La niña tal vez no respondió, pero yo mismo siento un escalofrío cuando recuerdo lo que dijo luego:

- El nene está vestido con una sábana blanca y canta una canción.

- ¿Qué canción, Tomasita?

-No sé. Grita mucho.

- ¿Dice algo? La canción, ¿dice algo?

- Sí. Pero grita mucho.

Hasta aquí, la reconstrucción más o menos fiel de lo que recuerdo del relato que mi suegra le hizo a mi mujer acerca de lo que dicen que ocurrió con la hija de mis cuñados. Este relato era una curiosa anécdota hasta hoy. La imagen de un angelito revoloteando por la habitación, haciendo de payaso cantor a la madrugada, me había parecido tierna e inverosímil. Ahora, hoy, me resultaba probable y escandalosa.

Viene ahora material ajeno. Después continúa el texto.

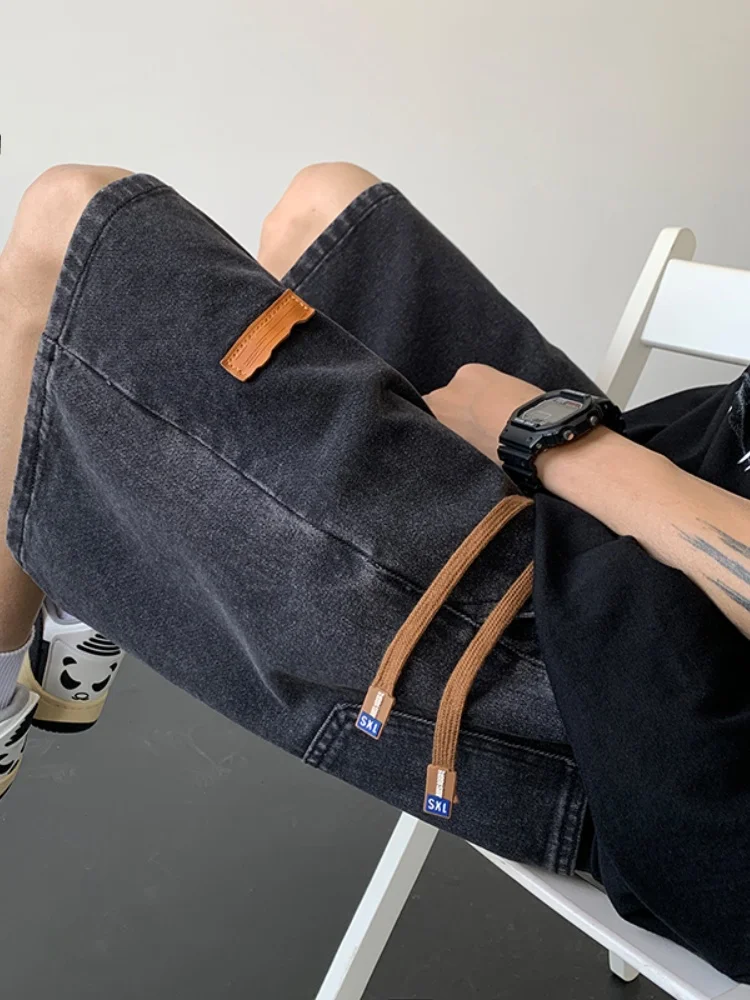 

American Style Loose Fit Straight Leg Men's Short Jeans Summer New Trendy Brand High Street Casual Five-Quarter Pants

A las tres y media de la mañana, Isabella se volvió a dormir. Irma la sacó de su cuna y la llevó a la cama matrimonial. Yo me quedé levantado, maquinando hipótesis, examinando sin convicción el ángulo del cielo raso de su habitación. Golpeé el techo con un palo de escoba; sacudí las cortinas, abrí el placar y puse mi oreja en las paredes. Nada raro. Incluso apagué la luz y traté de mirar el cielo raso con los ojos entrecerrados, o de costado y sin enfocar la vista. Dicen que esa es la manera en que pueden verse los fantasmas. Llegué a sugestionarme: sentí tenues olores a musgo, a hortalizas y a magnolias. Y me pareció escuchar unos volátiles ruiditos en las paredes y el techo, como las pisadas de un duende minúsculo. También tomé fotografías en plena oscuridad, pero la entidad metafísica que tanta gracia le causaba a mi hija se empeñaba en no manifestarse.

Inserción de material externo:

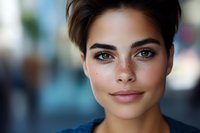 Young woman with short dark hair and blue eyes looking directly at camera with neutral expression against blurred urban background.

Finalmente, terminé aceptando la posibilidad de que Tomasita e Isabella compartieran un oscuro destino común de revelaciones y clarividencias. Lo que en verdad me preocupó era el futuro de las neuronas de mi hija: Tomasita, a los doce años, padece una enfermedad mental de diagnóstico impreciso y vacilante, cuyos únicos síntomas definidos son el llanto perpetuo y las alucinaciones.

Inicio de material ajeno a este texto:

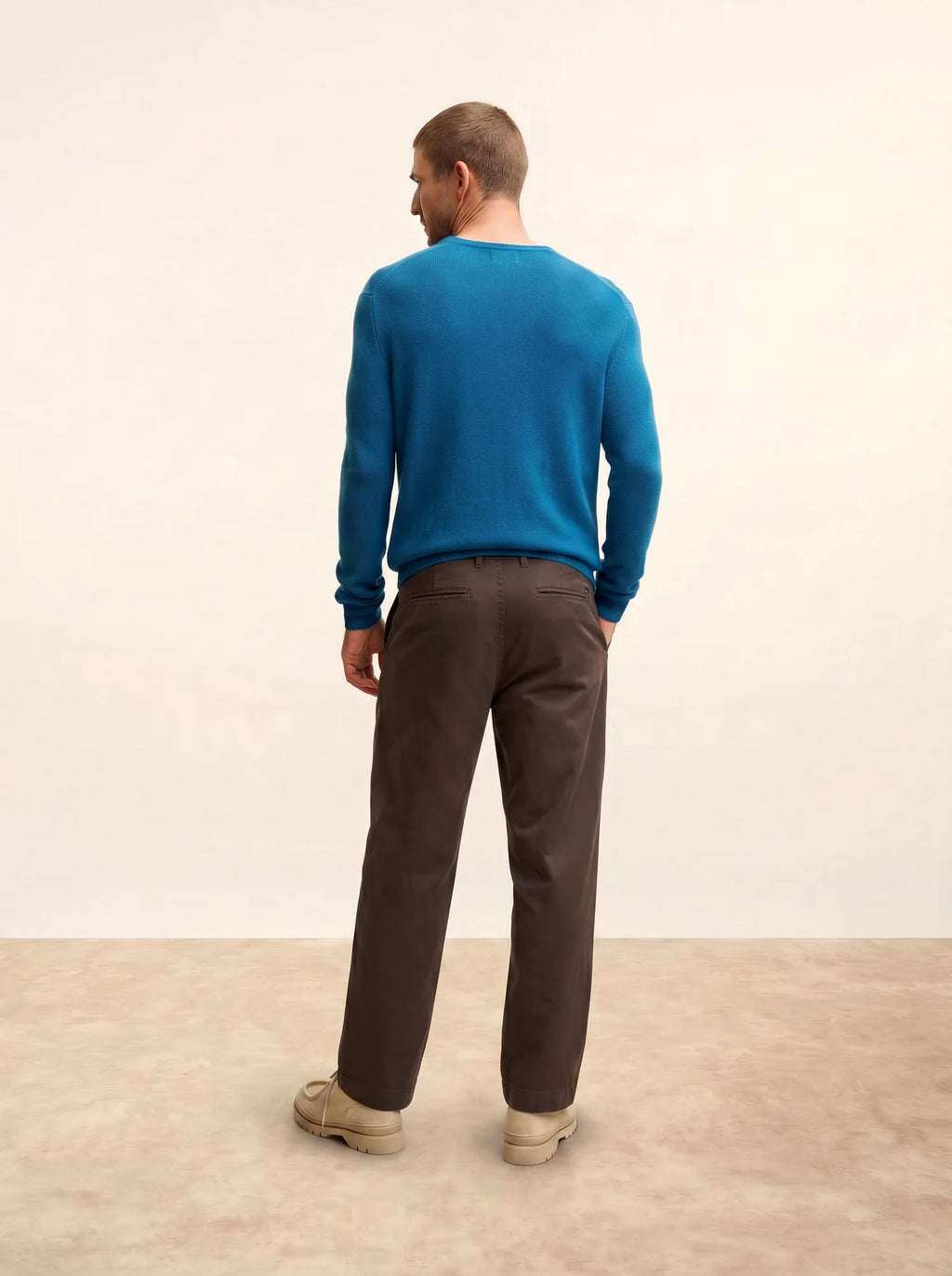 NATHAN Pullover V-Ausschnitt 4-fädig Pfauenblau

Pero mientras yo jugaba al Sherlock Holmes metafísico, mi mujer me llamó desde nuestra habitación. Eran las cuatro menos cuarto de la mañana.

- Recibí un mensaje –me dijo.

En el celular se leía:

Siempre te voy a cuidar, primita.

De: Rubén.

El número era de Rubén, pero el mensaje había sido enviado por Tomasita. Irma respondió con un lacónico y desconcertado “gracias”.

3.

Los sucesos que acabo de contar ocurrieron anoche.

Hoy a la tarde nos llamó Rubén desde el sur, preguntando por qué le habíamos dicho “gracias”. Irma le contó lo del mensaje y, entre lágrimas, trató de explicarle todo lo que había pasado. Rubén le contestó con idéntico desconcierto:

- Anoche nadie te mandó un mensaje, Irma.

Nos enteramos de que a esa hora Rubén estaba durmiendo; que su celular había estado toda la noche en su mesa de luz y que Tomasita desde hace tres días está internada en estado de coma.